Communism doesn't seem to have the same hysterical stigma attached to it here as it did in Australia, which is where I come from, back when there was a Communist Party. Starting in the early 1930s, the communist mairie of Gentilly embarked on a grand social housing plan, clearing out all the old slums and unhealthy areas. The first project was a set of 12 huge apartment blocks, each one identical, built on the edge of an old quarry. There are pictures of happy, smiling young communist party members lining the ridges of the quarry in front of the apartment blocks when they were finished. The plans were comprehensive, and included schools, sports grounds and shops. Most of it was achieved, although on a reduced scale due to the depression in the 1930s and WW2.

This area is now called Gabriel Péri, named after one of the movers and shakers in the communist party of the 20s and 30s who worked to have it improved. He was shot by the Nazis in WW2 for his involvement in La Résistance. It seems to be a little-known fact (at least, I was not aware of it) that most of the resistance fighters in Paris were communist and socialist party members, rather than just patriots. Of course, they were hated by the Nazis and considered to be far more dangerous than your ordinary Frenchman. Péri was asked, after he was captured and it was obvious that he would be executed, how he would like to be remembered.
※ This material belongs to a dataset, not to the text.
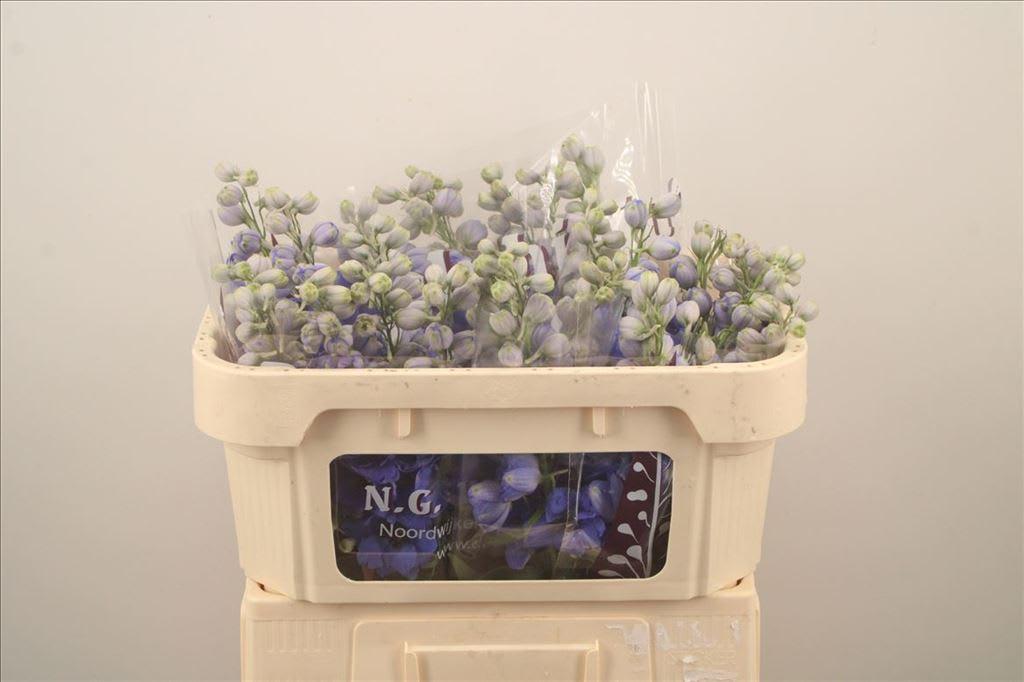 Срезанные цветы оптом Delphinium do dewi blue smile от 30шт из Голландии с доставкой по России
Friends suggested that an area or a street be named after him. He said he only wanted a Paris Métro station named after him, nothing else, so that young lovers could say: "À ce soir, chérie, à Gabriel Péri" (until tonight dear, at Gabriel Péri), and have a place to meet. He was a bit of a poet.

The view out of my office window in Gentilly was of buildings constructed in the 1960s, in a continuation of the program started by the Communists in the 20s. It is a high-density development, but the area is well-maintained. All buildings are repainted every 10 years, the streets and public places are cleaned every week and damaged parts are quickly repaired. The construction work seems to me to be of a very high quality, and the windows and doors and fittings are strong and well made.

The Gabriel Péri buildings are proving to be a bit of a problem these days. When they were built, it was considered unnecessary to have a bathroom in every apartment, so there were only shared bathrooms on each floor. This was, after all, an extravagent luxury compared to having the family troop off to the Gentilly Bains Douches (Public showers) for the weekly wash! Now that the Gabriel Péri is being renovated, it is rather expensive and difficult to include bathrooms in each apartment. I think they have chosen to completely destroy the insides and construct a lesser number of apartments, to more modern standards.

Although the banlieu (suburban areas)adjacent to Paris are nearly all Communist, the more powerful Paris Mairies are not. In the 70s and 80s, they built huge freeways to improve the traffic flow through and around the city. They chopped through the adjacent banlieu without regard to the local planning or design. The Gabriel Péri buildings were separated from their commercial zone by a chasm containing the A6B, a 10-lane highway going to Lyon. Gentilly was cut off from the Gentilly Cemetry by the Périphérique (ring road), and the "posh" part of Gentilly, called Chaperon Verte (Green Hood), had the A6A, another 10-laner, built next to it.

Lots more can be said about Gentilly and its ancient church, its multicultural population. Some of this information is on the Ville de Gentilly website (in French).